The short answer is our sins, the world's sins, my sin. But let's look at what took place Tuesday of Holy Week right before our text. The end of chapter 19 sets the situation up: "Every day Jesus was teaching at the temple. But the chief priests, the teachers of the law and the leaders among the people were trying to kill Him. Yet they could not find any way to do it, because all the people hung on His words." Chapter 20 opens with Jesus teaching and evangelizing the people in the temple. The church leaders demand to know by what authority He did this. He says He'll answer that if they will answer whether the Baptism of John was from heaven or men. The leaders know but refuse to answer since if they admit it was from heaven they will be exposed as not believing God. And if they claim it was from men, the people will stone them for they believed John was a prophet. Since they won't answer Jesus' question, He won't answer theirs and instead tells this parable where we see what got Him crucified.

Jesus dared to say the bad guys in the vineyard were the current leaders of the church. The end of the text proves it: "The teachers of the law and the chief priests looked for a way to arrest Him immediately, because they knew He had spoken this parable against them." They know they're the bad farmers who reject the owner's due and resort to beating, treating shamefully, and wounding the slaves sent on the his behalf. They know they are the ones who plot to kill the owner's son to get his inheritance. So, they are the ones whom the owner "will come and kill...and give the vineyard to others."

Jesus dared expose the leaders whom the people admired, feared, obeyed as rebels, insurgents, fighters of God who refused God His fruit. And just what fruit did God come looking for from the OT church leaders? What did John the Baptist and Jesus come seeking? Repentance. Read Mat. 3:1-2: "In those days John the Baptist came, preaching...,'Repent, for the kingdom of heaven is near.'" After Herod imprisons John, what does Matthew 4 say? "When Jesus heard that John had been put in prison, He returned to Galilee. ... From that time on Jesus began to preach, 'Repent, for the kingdom of heaven is near'" (12,17). So the slaves of the vineyard owner don't come seeking delicious fruit but their sins. They don't come seeking something that enriches these famers but blackens their souls and haunts their consciences. The slaves don't come seeking to profit from the farmers, but to take away a weight, a sickness, a dirtiness. Why should that move them to anger, to hatred, to violence? Keep listening.

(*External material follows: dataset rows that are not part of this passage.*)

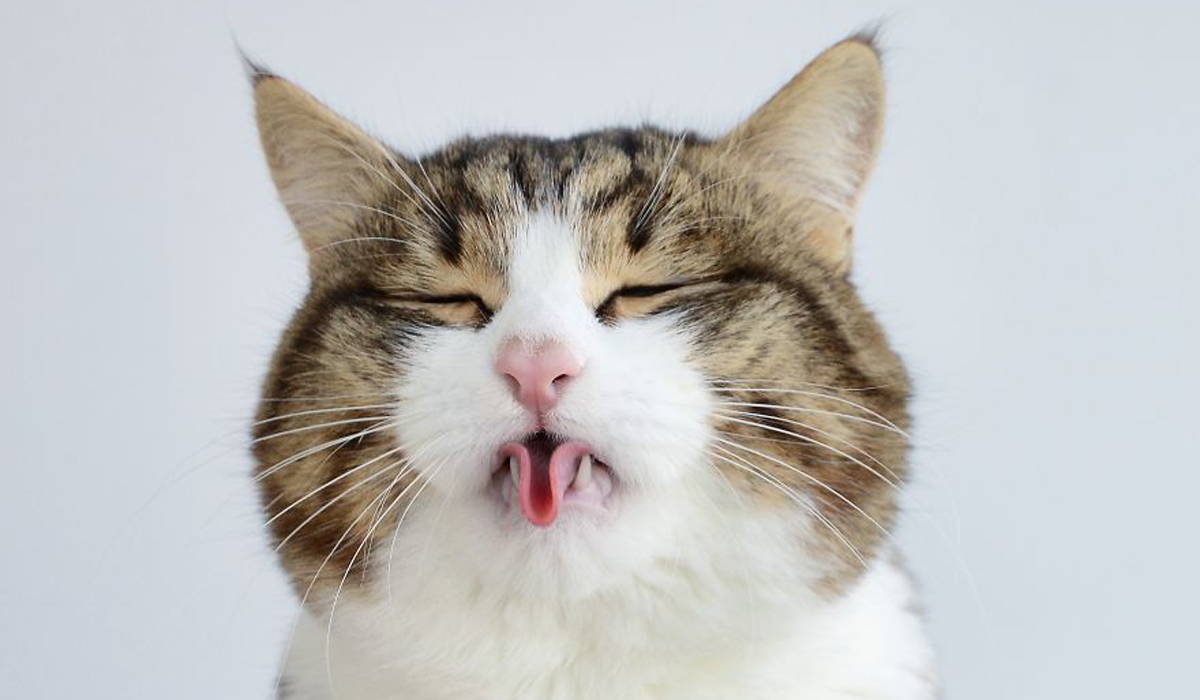 Запознајте го Рекси: Мачорот кој може да прави секакви трикови со јазикот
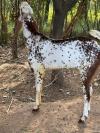 Makhi Cheeni Qurbani Goat
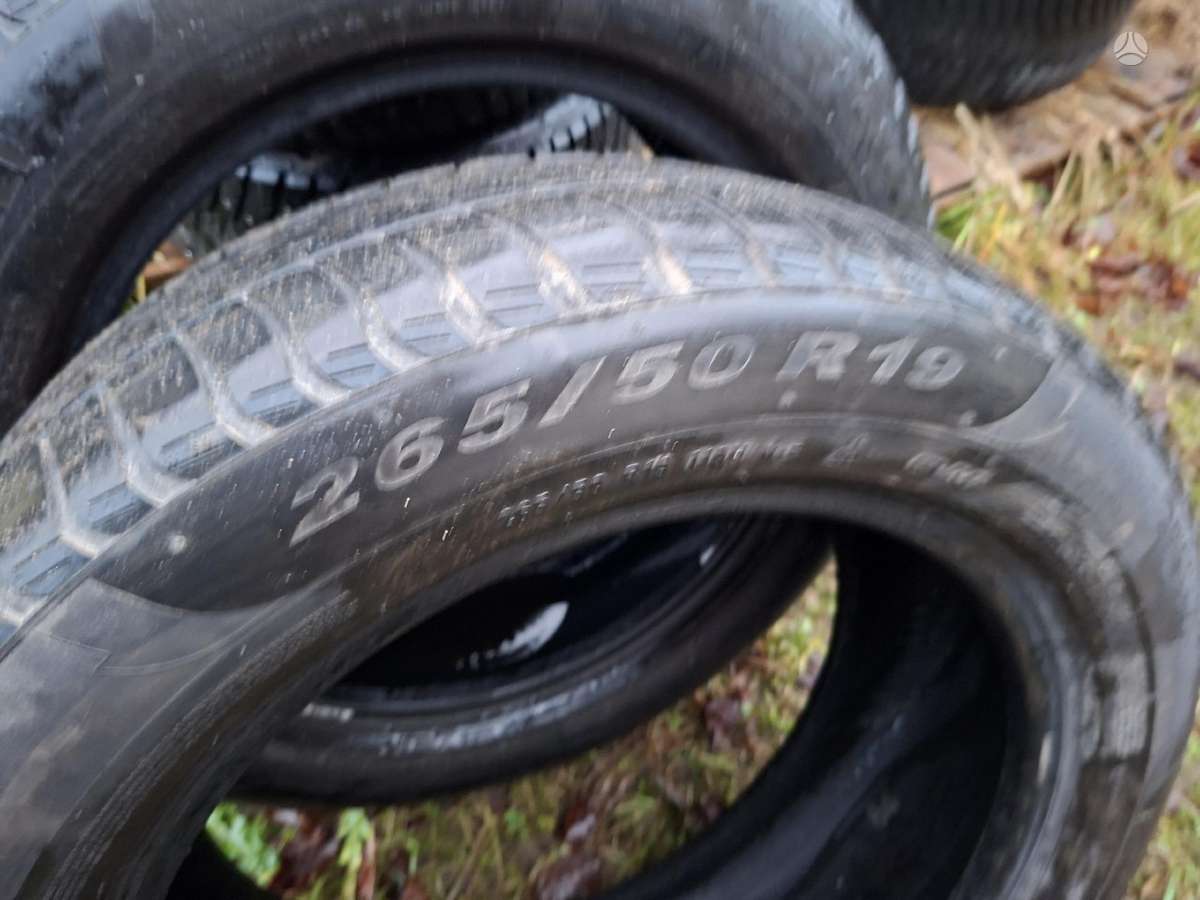 Pirelli, winter 265/50 R19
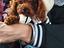 Immagine 3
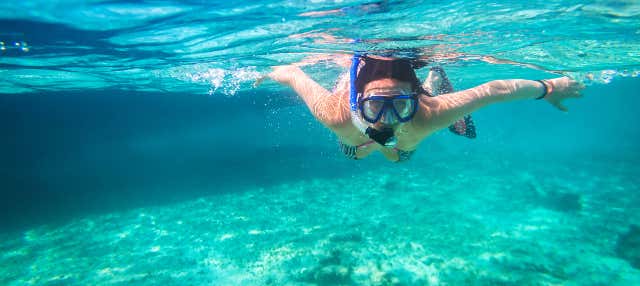 Snorkel em Los Cabos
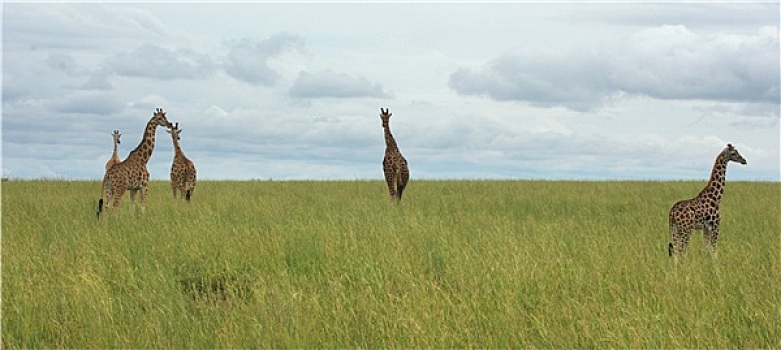 草地,风景,长颈鹿,非洲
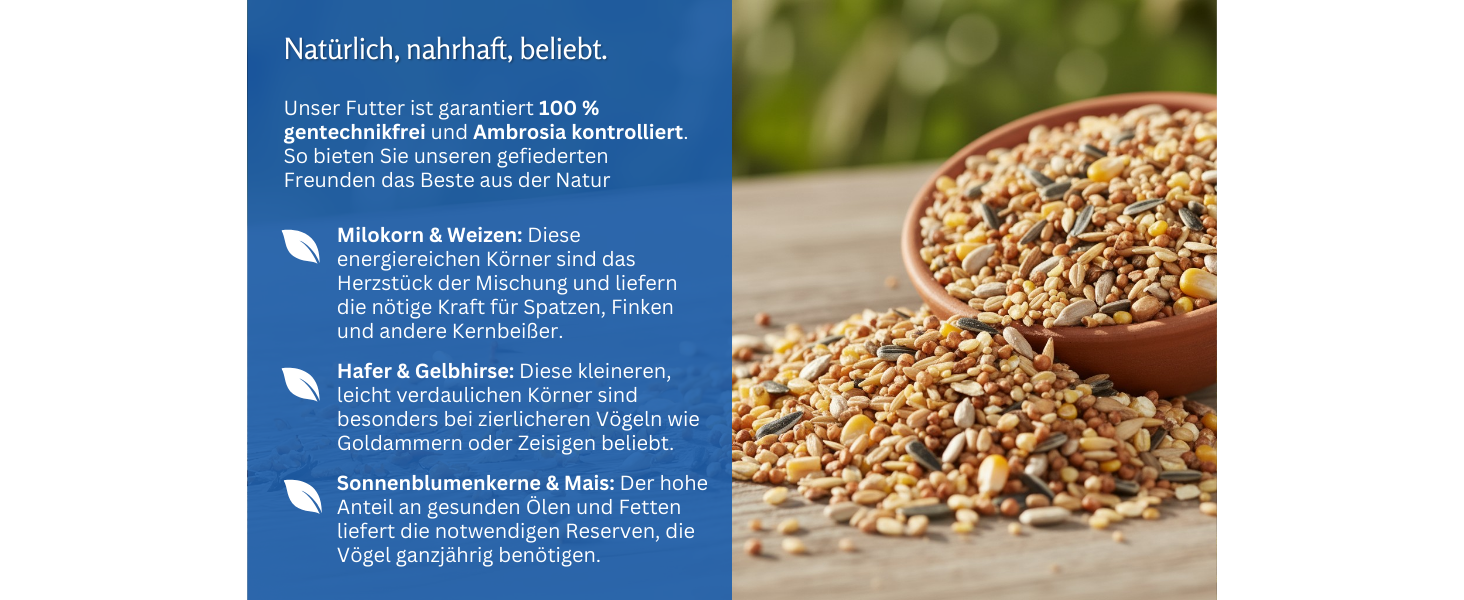 Aplus-Inhaltsbild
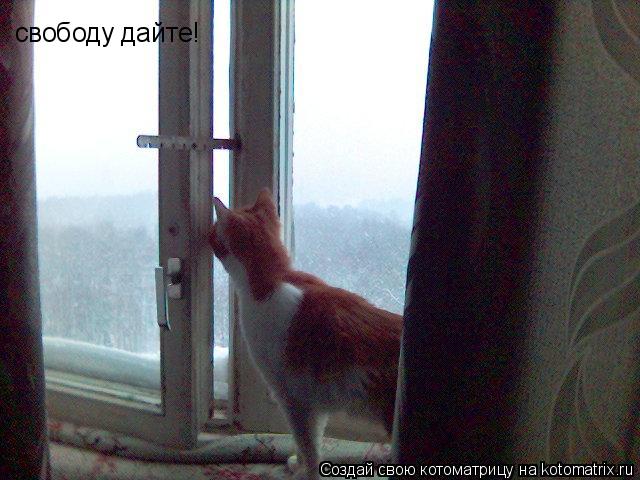 свободу дайте!... Котоматрица: свободу дайте!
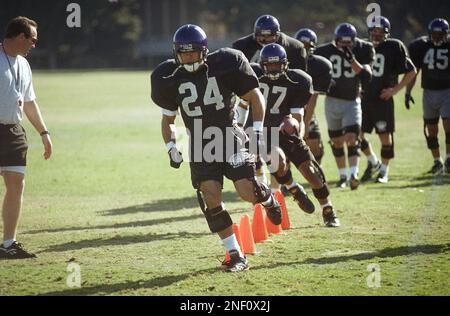 Rose Bowl during the 1993 Super Bowl Stock Photo - Alamy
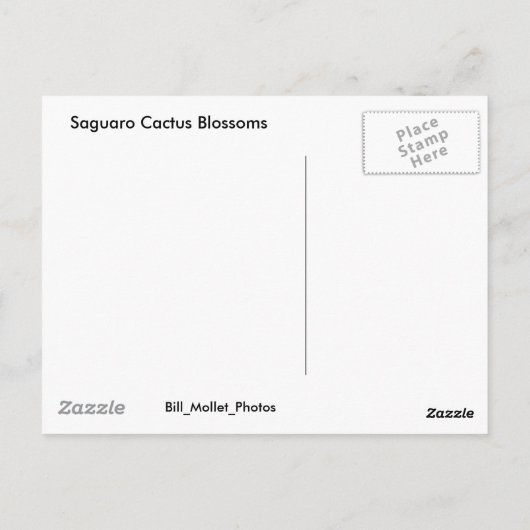Saguaro Cactus Blossom Briefkaart (Achterkant)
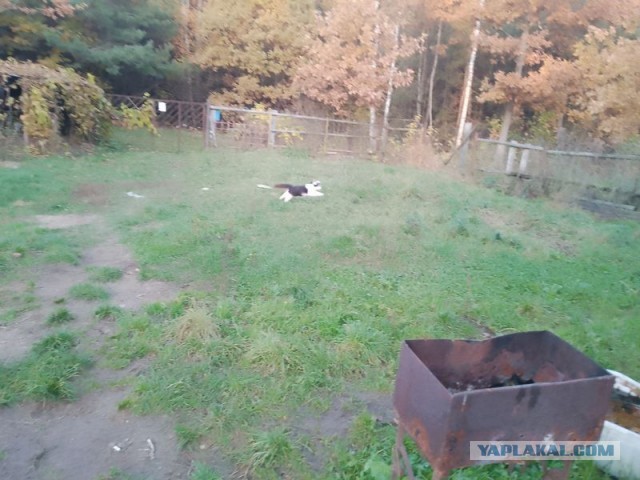 Жизнь домашнего приюта для котеек 468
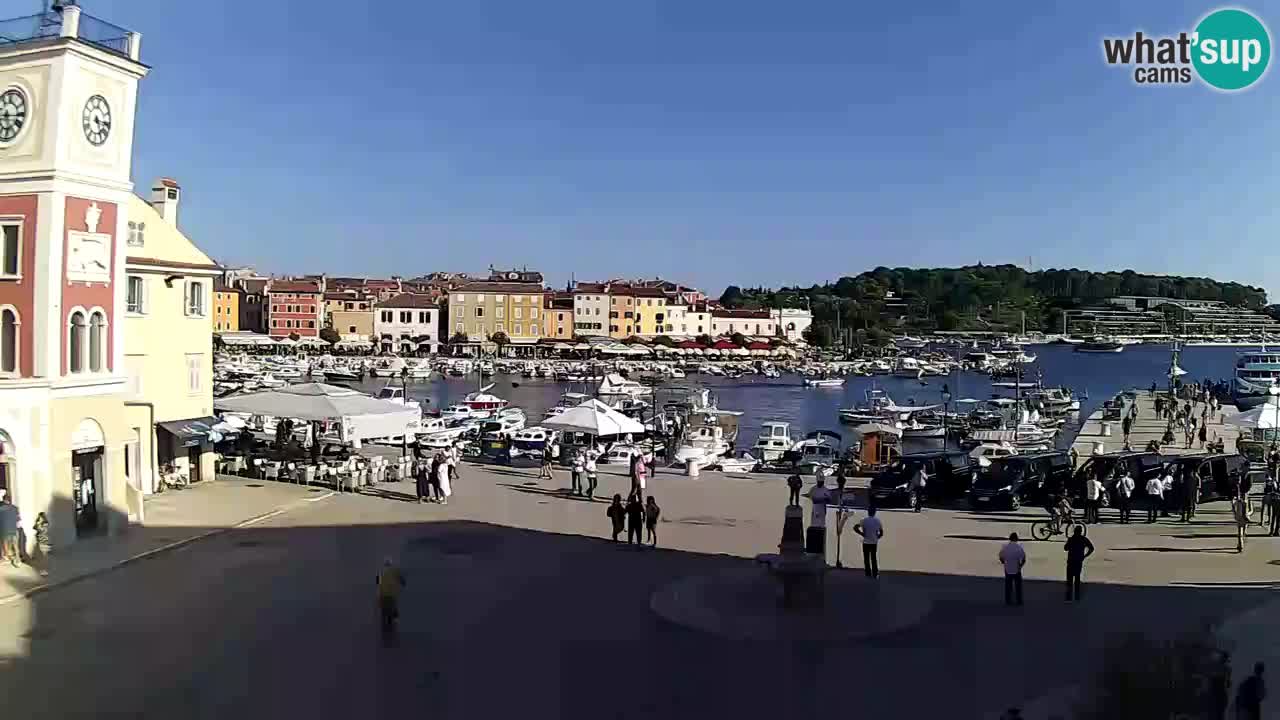Rovinj: Livestream Main Square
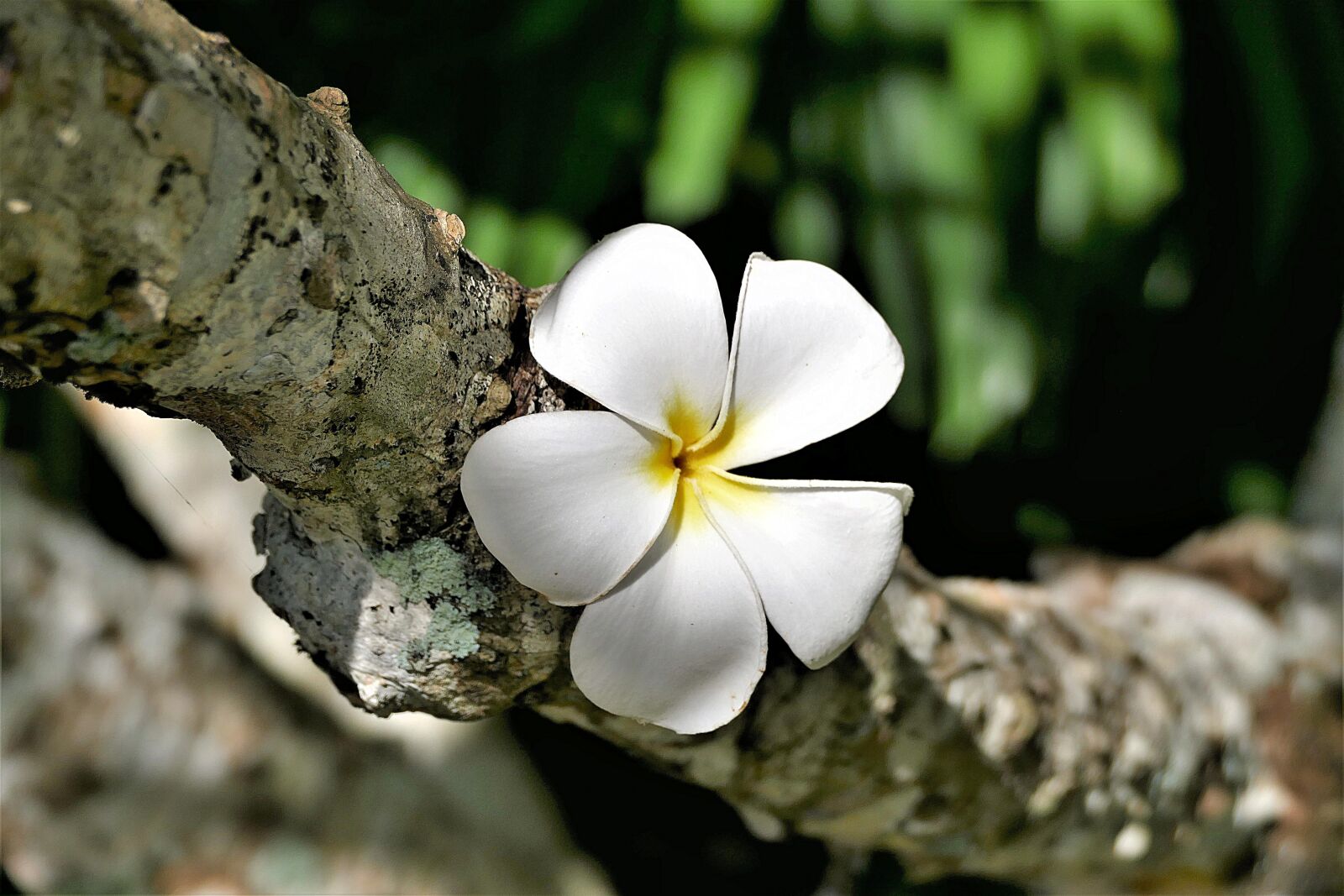 Panasonic Lumix DMC-FZ1000 sample photo. Flower, plumeria alba, frangipani photography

What got Jesus crucified? Answer that and you'll know what words to replace Lorem Ipsum or replace those words rightly and you'll know what got Jesus crucified. Moving on, we see here that Jesus dared to say the OT church leaders were under judgment for rejecting the prophets. Remember it's only 3 days before Jesus dies. Jesus' whole ministry is almost complete. Years ago Jesus preached, "'Woe to you, because you build tombs for the prophets, and it was your forefathers who killed them. So you testify that you approve of what your forefathers did; they killed the prophets, and you build their tombs. Because of this, God in His wisdom said, 'I will send them prophets and apostles, some of whom they will kill and others they will persecute.' Therefore this generation will be held responsible for the blood of all the prophets that has been shed since the beginning of the world,'" (Lk. 11:47-51). Not just the blood of the prophets but the Son's too.

For years Jesus had been identifying Himself as the Son of Man. The Father from heaven 3 years earlier had owned Him as His beloved, chosen Son. And here we're just days before the OT church leaders are going to judge Jesus worthy of death for that reason. We read: "Again the high priest asked Him, 'Are you the Christ, the Son of the Blessed One?' 'I am,' said Jesus. 'And you will see the Son of Man sitting at the right hand of the Mighty One and coming on the clouds of heaven.' The high priest tore his clothes. 'Why do we need any more witnesses?' he asked. 'You have heard the blasphemy. What do you think?' They all condemned Him as worthy of death" (Mk. 14:61b-64). And the very last interchange before His arrest in Gethsemane is at the end of our present chapter. It reads: "Then Jesus said to them, 'How is it that they say the Christ is the Son of David? ... David calls him 'Lord.' How then can He be his son'" (Lk. 20:41-44)?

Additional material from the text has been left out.